If Fristads and the Customer enters into a specific agreement relating to delivery of Products (“Framework Agreement” or “Pre-Purchase Order”), the Terms shall form part of such agreement, subject to that the terms of the Framework Agreement and/or Pre-Purchase Orders will have precedence over the Terms between the Parties.

2.    Order of the Products

The Customer orders Products from Fristads by placing an order in Fristads’ specified order system. The order become binding when the Customer has received a written confirmation (“Order Confirmation”) from Fristads.

3.    Product range

Fristads is entitled to, at each time update, adjust or limit the offered Product range.

4.    Delivery

Unless otherwise agreed in writing, the Products shall be delivered Ex Works Fristads’ premises in Borås (Incoterms 2020). The Products shall be delivered at the date stated in the Order Confirmation (“Delivery Date”). A Pre-purchase Order shall state the Customer’s desired Delivery Date of the Products. Such Delivery Date becomes binding for Fristads when the Customer has received an Order Confirmation from Fristads, i.e. when the Delivery Date is confirmed. If Fristads proposes a different Delivery Date than the desired Delivery Date specified by the Customer, the Customer is deemed to have accepted the new Delivery Date unless the Customer, within three (3) business days from the date when the notice was received, notifies Fristads otherwise in writing.If the Customer fails to take delivery of the Products on the Delivery Date, the Customer shall compensate Fristads for any costs incurred as a result of the delayed delivery or return of the Products to Fristads’ warehouse in its original condition.
Fristads shall take reasonable measures to deliver the Product on the Delivery Date. If the Product is not delivered within thirty (30) business days from the Delivery Date, the Customer has the right to cancel the current order. However, this return right does not apply to order(s) of customer-unique Products or if the delay is a consequence of circumstances set out in Section 14 of the Terms. The Customer is not entitled to compensation or any other remedy for delayed delivery of the Products.

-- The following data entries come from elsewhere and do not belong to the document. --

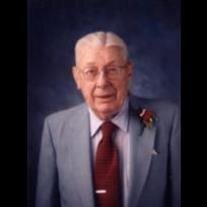 Thomas Williams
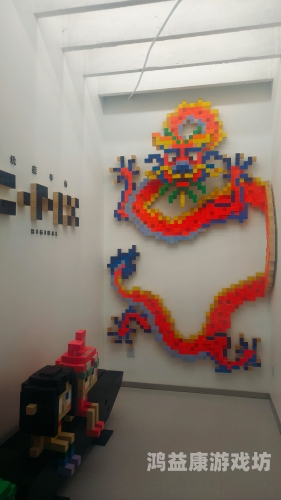 简单而互动性强的小游戏探索数字乐趣，简单互动小游戏的魅力与影响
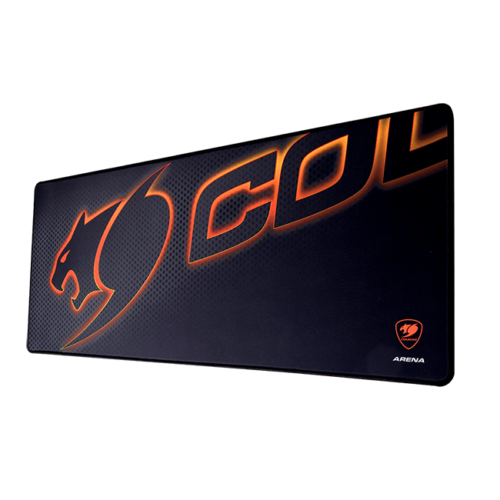 Купить коврик для мыши в Ташкенте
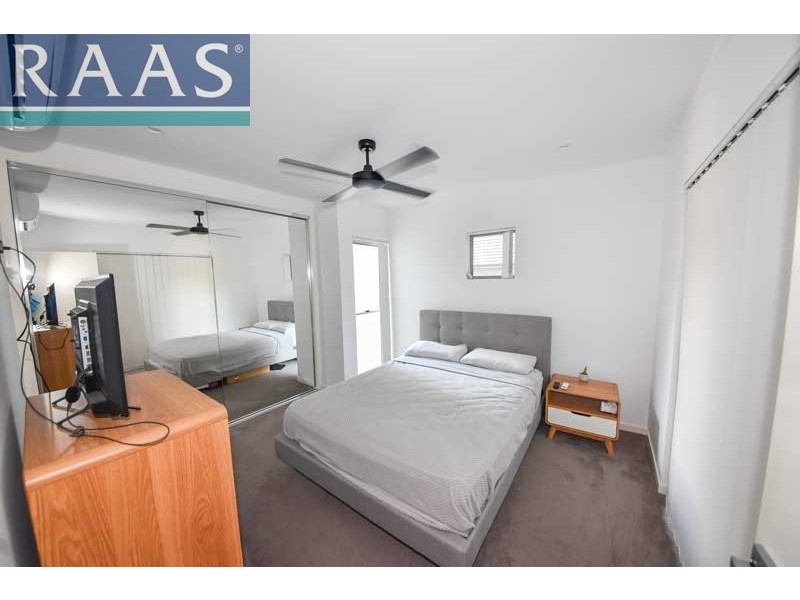 16/61 Ludwick Street, Cannon Hill QLD 4170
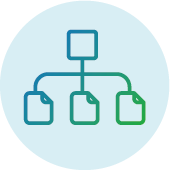 データ連携基盤(EAI)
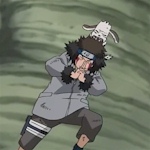 Techniques Canines des Inuzuka SoutouRou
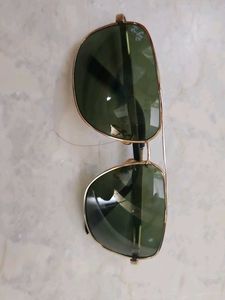 Ray-Ban Sunglasses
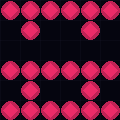 101.2.23.79
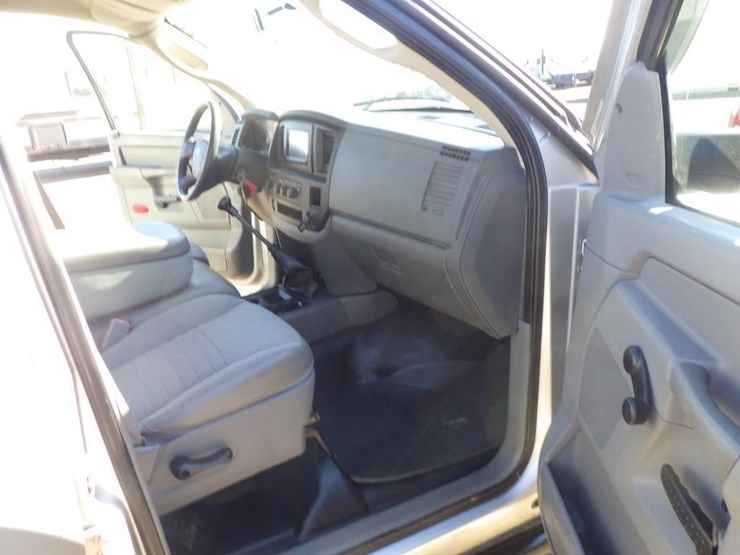 2008-dodge-ram-1500-image-6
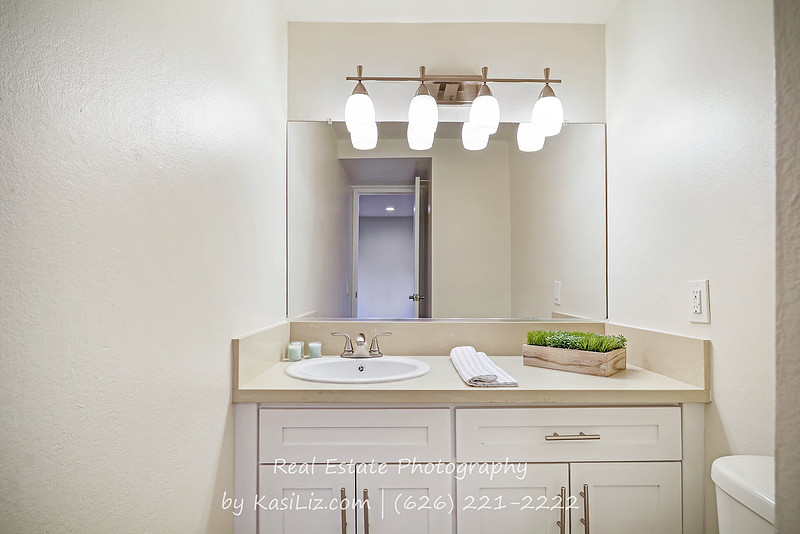 real-estate-photography-long-seal-huntington-newport-beach-los-angeles-pasadena-glendale-burbank-Karmont Ave-South Gate-photographer-7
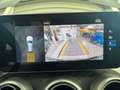 Mercedes-Benz GLC 200 4Matic*AHK*LED*KAMERA*DISTRON* Noir - thumbnail 37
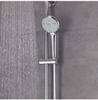 Bộ sen cây ổn nhiệt Grohe 3 đường nước nhập khẩu EUPHORIA SYSTEM 260 (27421002+3416330U)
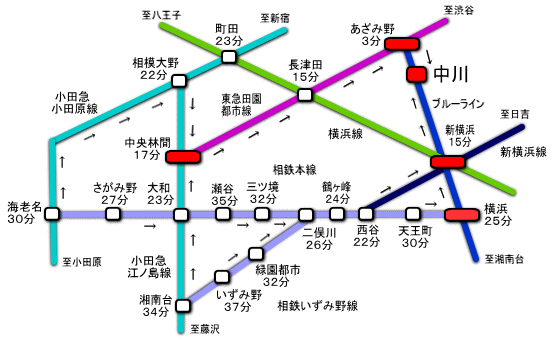 アナル愛撫のやり方！アナルイキや開発方法 - 夜の保健室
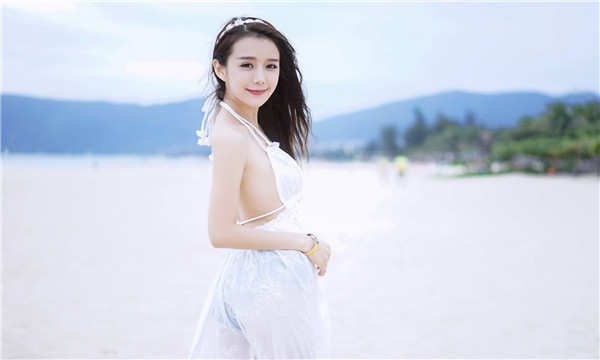 临川试管婴儿代怀生子的解决方案：为不孕不育患者家庭带来希望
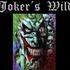 Joker’s Wild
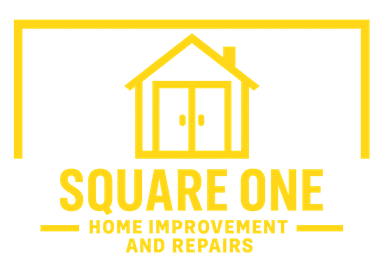 Square One Home Improvement and Repairs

5.    Purchase price and payment

The Customer shall purchase the Products from Fristads at the prices, specified in Fristads’, at each time, current price list (“Price List”). Prices are excluding VAT, delivery cost and any other additional taxes and charges.
Fristads is entitled to adjust the Price List two times each calendar year; 1 February and 1 September.
In addition, if Fristads’ production costs increase significantly as a result of increased raw material costs or other circumstances outside the control of Fristads, Fristads is entitled to adjust the Price List by giving thirty (30) days’ notice.
Unless otherwise agreed in writing, the Customer shall pay the purchase price for the Products to Fristads no later than thirty (30) business days from the invoice date.
If the Customer is delayed with its payment, in accordance with the sub-section above, the Customer shall pay delay interest for such overdue payment of eight percentage points exceeding the Swedish reference rate applicable at the invoice date. The interest on overdue payment shall be paid for each initiated month, from the due date of the invoice in question until payment is made. In addition, the Customer shall pay for the costs incurred for payment reminders and for the enforcement of the payment obligation or any other associated cost. Fristads reserves the right to transfer overdue invoices to third parties for collection.
If the Customer is delayed with its payment, Fristads reserves the right to withhold delivery of Products, until the Customer has paid full payment for the Products.
Until full payment for the Products has been made by the Customer, Fristads retain all title to all Products of such specific, to the extend permitted by law.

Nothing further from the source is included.